De volta ao Maranhão, já adolescente, fundou com os colegas do Liceu uma publicação onde mostrava o brilhante despertar de sua mente privilegiada. Também assinaria colunas em jornais conceituados como “O Diário do Maranhão” e a “Pacotilha”.

O livro “O Torrão Maranhense” foi publicado em 1916, quando o escritor retornou ao Rio de Janeiro. A obra causou de imediato grande surpresa entre o meio científico da época. Levado pela boa aceitação de seu primeiro livro publica, em capítulos, “Uma Região Tropical”, considerado um aprimoramento das ideias e análises apresentadas no seu livro de estreia.

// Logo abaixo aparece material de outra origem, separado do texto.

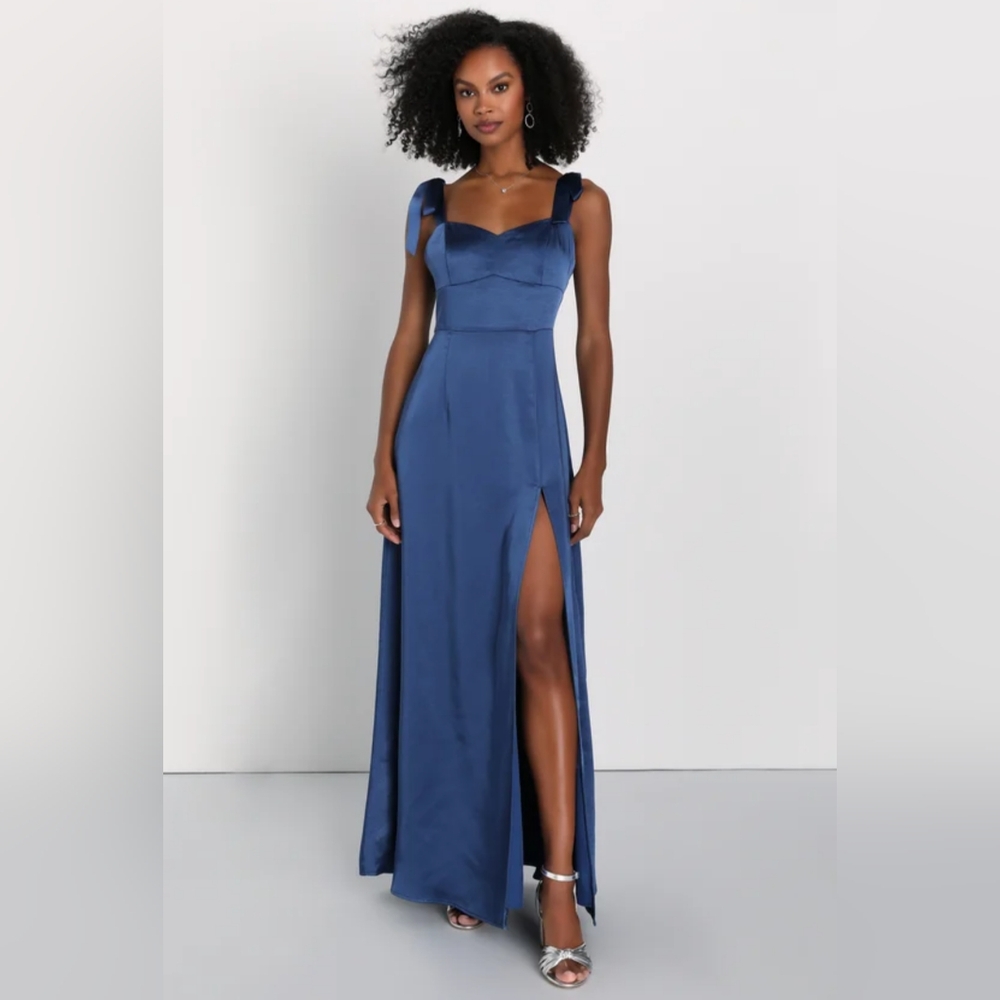 NWOT Lulu's Navy Blue Satin Tie-Strap Maxi Dress Size XL=14/16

Raimundo Lopes era bacharel em Letras e fez até o quarto ano de Direito, mas dedicou-se à pesquisa, de modo geral à etnografia, à etnologia, à arqueologia, à história e à sociologia. Foi membro da Academia Maranhense de Letras, do Instituto Histórico e Geográfico do Maranhão – do qual foi fundador da cadeira de número 1 patroneada pelo Frei Capuchinho do século XVII, Yves D’Evreux e é patrono da cadeira de número 27 desta sociedade. Ano passado, o IHGM para comemorar e divulgar o centenário de “O Torrão Maranhense,” organizou uma exposição com 10 painéis sobre o autor e seu primeiro livro. Integrou ainda a Sociedade de Geografia do Rio de Janeiro.

Com o irmão, Antônio Lopes, Raimundo Lopes criou o primeiro decreto de proteção dos casarões de São Luís, proibindo sua demolição. Trata-se do Decreto n°476 de 1º de julho de 1943. Criaram também a Comissão Municipal de Patrimônio Histórico, primeiro órgão de preservação ligado ao poder público.

Sob a orientação de Raimundo Lopes, o Instituto de Patrimônio Artístico Nacional (Iphan) fez o primeiro tombamento nacional no Maranhão. Trata-se do sítio arqueológico sambaqui do Pindaí. Raimundo Lopes faleceu no Rio de Janeiro, no dia 8 de setembro de 1941, dias antes de completar 47 anos.